One of the major changes that is about to occur in England is the centralization of genomic testing of all solid tumors into 7 genomics laboratory hubs, GLHs. And this is driven by NHS [National Health Service] England and is a very ambitious, laudable plan. Because of course it will bring economies of scale; it will bring uniformed technology; it will bring uniformity of standards and quality assurance. And there are clearly advantages. However, it will inevitably dismantle some of the very well-established and very efficient more local networks, which have been developed over the last decade since we first started profiling non—small cell lung cancer and which actually work very efficiently. They might not use the latest NGS [next-generation sequencing] technology. They might use single-gene testing as we do in Liverpool, but they are very efficient and very quick, and they’re very flexible.

And I’m concerned that when this change takes place, at least for a while, there will be quite severe disruptions to the smooth running of these local networks. And now of course that’s sort of a local organization. It’s not present everywhere across England; it’s very patchy. And centralization in some areas will bring enormous advantages, where there have been problems over the last 10 years, because there has not been an integrated system for testing.

But we have to be careful that we don’t throw the baby out with the bathwater here, if I can put it that way. And there are other problems. For example, NGS technology tends to require more tissue than single-gene testing, and we all are aware that the specimens that we often get to test as pathologists are very small. And the advances in the techniques used to get them, like EBUS [endobronchial ultrasound], radiological sounds, bronchoscopy, and even aspiration of lymph nodes, that have developed over the last decade tend to get small specimens.

Therefore, we have to try to manage that.
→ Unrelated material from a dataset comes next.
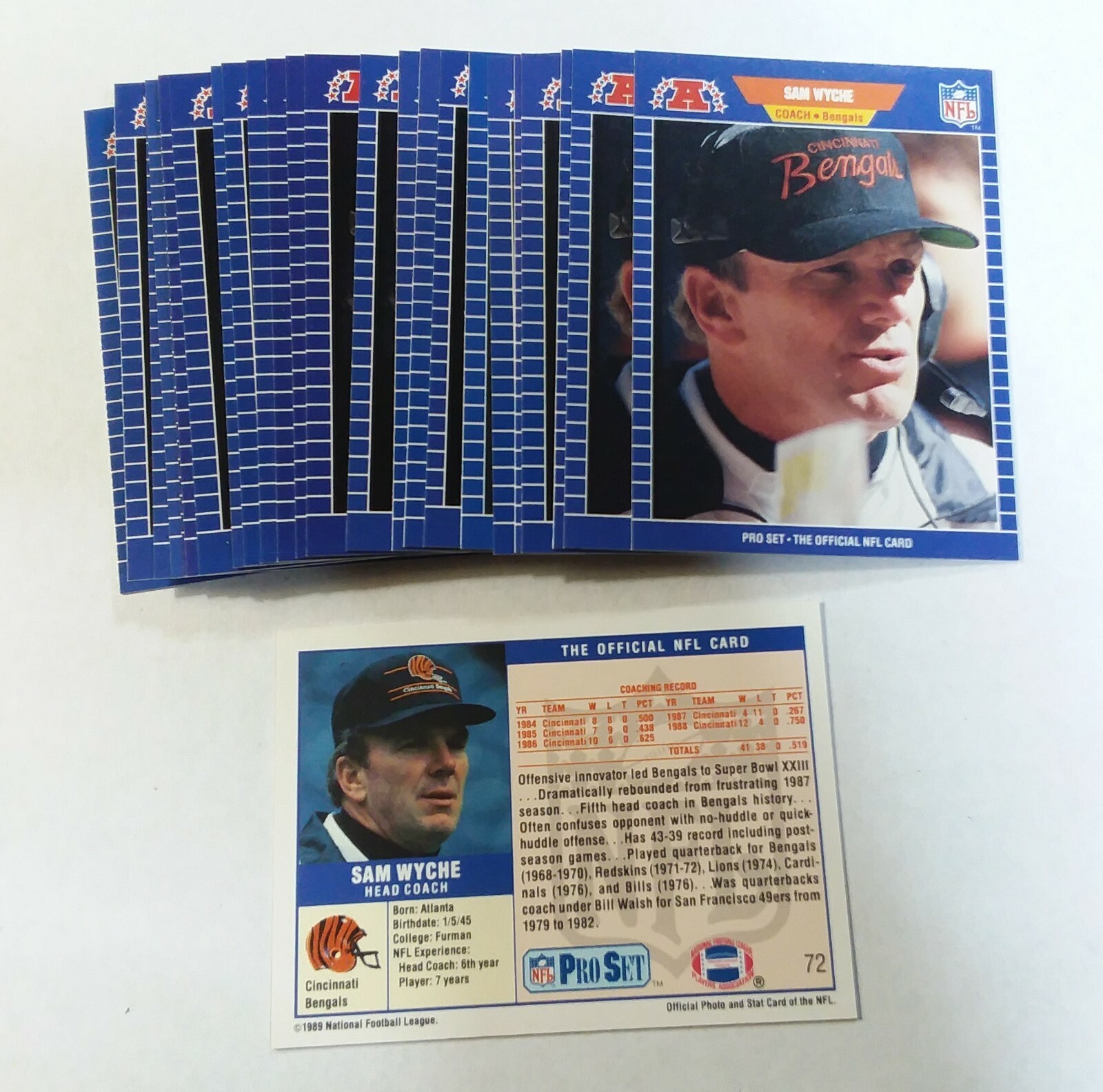 1989 Pro Set #72 SAM WYCHE (COACH) Lot of (10)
And inevitably, because of centralization and large-panel testing, the turnaround time will increase. It will be less efficient. So there are disadvantages to this. And currently this change, this transition, is projected to take place on April 1, 2020. This is imminent, and I’m not entirely sure there’s a general awareness about what’s happening here. It’s a laudable plan, and it’s extremely ambitious. But I think we have to be aware that for a while, at least, this might cause some quite significant disruptions with the well-organized, more local testing that’s established in large parts of England.